INPUT MATERIAL

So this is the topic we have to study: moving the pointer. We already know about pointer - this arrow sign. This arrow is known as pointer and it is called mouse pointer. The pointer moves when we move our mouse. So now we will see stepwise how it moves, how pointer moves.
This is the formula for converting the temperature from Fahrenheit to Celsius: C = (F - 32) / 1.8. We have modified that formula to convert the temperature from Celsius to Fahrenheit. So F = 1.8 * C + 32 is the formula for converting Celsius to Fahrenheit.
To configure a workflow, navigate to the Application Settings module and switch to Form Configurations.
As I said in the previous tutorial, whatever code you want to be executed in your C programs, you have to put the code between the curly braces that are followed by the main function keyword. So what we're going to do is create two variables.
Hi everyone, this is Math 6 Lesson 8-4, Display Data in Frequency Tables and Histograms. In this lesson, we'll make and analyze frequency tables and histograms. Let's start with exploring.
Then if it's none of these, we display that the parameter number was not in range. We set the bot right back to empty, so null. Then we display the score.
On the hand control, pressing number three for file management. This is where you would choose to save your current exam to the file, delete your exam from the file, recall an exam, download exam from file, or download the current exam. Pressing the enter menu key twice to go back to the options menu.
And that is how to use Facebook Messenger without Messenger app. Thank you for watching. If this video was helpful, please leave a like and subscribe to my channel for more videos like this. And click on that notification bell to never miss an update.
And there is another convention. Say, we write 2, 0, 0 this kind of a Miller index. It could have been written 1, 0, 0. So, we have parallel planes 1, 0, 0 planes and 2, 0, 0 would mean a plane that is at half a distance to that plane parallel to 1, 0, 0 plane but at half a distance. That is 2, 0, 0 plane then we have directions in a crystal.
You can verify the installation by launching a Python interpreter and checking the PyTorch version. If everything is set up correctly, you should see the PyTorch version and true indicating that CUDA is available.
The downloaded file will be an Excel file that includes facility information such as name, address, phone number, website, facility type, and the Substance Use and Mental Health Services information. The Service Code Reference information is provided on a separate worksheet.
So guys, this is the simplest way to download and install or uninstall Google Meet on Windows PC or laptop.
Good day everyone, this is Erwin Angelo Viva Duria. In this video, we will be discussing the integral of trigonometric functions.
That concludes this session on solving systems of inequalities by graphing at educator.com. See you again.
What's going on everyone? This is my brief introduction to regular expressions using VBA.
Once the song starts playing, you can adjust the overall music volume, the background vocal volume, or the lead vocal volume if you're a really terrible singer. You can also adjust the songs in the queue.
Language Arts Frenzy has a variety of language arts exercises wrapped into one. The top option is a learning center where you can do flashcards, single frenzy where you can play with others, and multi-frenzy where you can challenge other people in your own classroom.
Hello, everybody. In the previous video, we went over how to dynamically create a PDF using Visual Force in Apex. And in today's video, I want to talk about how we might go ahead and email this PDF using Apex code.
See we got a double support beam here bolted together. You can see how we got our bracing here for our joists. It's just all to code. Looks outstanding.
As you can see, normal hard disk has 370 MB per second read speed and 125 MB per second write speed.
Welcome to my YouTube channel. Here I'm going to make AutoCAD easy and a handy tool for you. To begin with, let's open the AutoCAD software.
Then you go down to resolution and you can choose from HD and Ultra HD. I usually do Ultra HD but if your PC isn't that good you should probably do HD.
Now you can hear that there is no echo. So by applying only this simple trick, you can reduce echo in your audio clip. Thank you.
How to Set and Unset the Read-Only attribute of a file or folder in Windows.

WORK REQUIRED
After reading the listing, copy all of it out exactly.

EXERCISE RESULT
So this is the topic we have to study: moving the pointer. We already know about pointer - this arrow sign. This arrow is known as pointer and it is called mouse pointer. The pointer moves when we move our mouse. So now we will see stepwise how it moves, how pointer moves.
This is the formula for converting the temperature from Fahrenheit to Celsius: C = (F - 32) / 1.8. We have modified that formula to convert the temperature from Celsius to Fahrenheit. So F = 1.8 * C + 32 is the formula for converting Celsius to Fahrenheit.
To configure a workflow, navigate to the Application Settings module and switch to Form Configurations.
As I said in the previous tutorial, whatever code you want to be executed in your C programs, you have to put the code between the curly braces that are followed by the main function keyword. So what we're going to do is create two variables.
Hi everyone, this is Math 6 Lesson 8-4, Display Data in Frequency Tables and Histograms. In this lesson, we'll make and analyze frequency tables and histograms. Let's start with exploring.
Then if it's none of these, we display that the parameter number was not in range. We set the bot right back to empty, so null. Then we display the score.
On the hand control, pressing number three for file management. This is where you would choose to save your current exam to the file, delete your exam from the file, recall an exam, download exam from file, or download the current exam. Pressing the enter menu key twice to go back to the options menu.
And that is how to use Facebook Messenger without Messenger app. Thank you for watching. If this video was helpful, please leave a like and subscribe to my channel for more videos like this. And click on that notification bell to never miss an update.
And there is another convention. Say, we write 2, 0, 0 this kind of a Miller index. It could have been written 1, 0, 0. So, we have parallel planes 1, 0, 0 planes and 2, 0, 0 would mean a plane that is at half a distance to that plane parallel to 1, 0, 0 plane but at half a distance. That is 2, 0, 0 plane then we have directions in a crystal.
You can verify the installation by launching a Python interpreter and checking the PyTorch version. If everything is set up correctly, you should see the PyTorch version and true indicating that CUDA is available.
The downloaded file will be an Excel file that includes facility information such as name, address, phone number, website, facility type, and the Substance Use and Mental Health Services information. The Service Code Reference information is provided on a separate worksheet.
So guys, this is the simplest way to download and install or uninstall Google Meet on Windows PC or laptop.
Good day everyone, this is Erwin Angelo Viva Duria. In this video, we will be discussing the integral of trigonometric functions.
That concludes this session on solving systems of inequalities by graphing at educator.com. See you again.
What's going on everyone? This is my brief introduction to regular expressions using VBA.
Once the song starts playing, you can adjust the overall music volume, the background vocal volume, or the lead vocal volume if you're a really terrible singer. You can also adjust the songs in the queue.
Language Arts Frenzy has a variety of language arts exercises wrapped into one. The top option is a learning center where you can do flashcards, single frenzy where you can play with others, and multi-frenzy where you can challenge other people in your own classroom.
Hello, everybody. In the previous video, we went over how to dynamically create a PDF using Visual Force in Apex. And in today's video, I want to talk about how we might go ahead and email this PDF using Apex code.
See we got a double support beam here bolted together. You can see how we got our bracing here for our joists. It's just all to code. Looks outstanding.
As you can see, normal hard disk has 370 MB per second read speed and 125 MB per second write speed.
Welcome to my YouTube channel. Here I'm going to make AutoCAD easy and a handy tool for you. To begin with, let's open the AutoCAD software.
Then you go down to resolution and you can choose from HD and Ultra HD. I usually do Ultra HD but if your PC isn't that good you should probably do HD.
Now you can hear that there is no echo. So by applying only this simple trick, you can reduce echo in your audio clip. Thank you.
How to Set and Unset the Read-Only attribute of a file or folder in Windows.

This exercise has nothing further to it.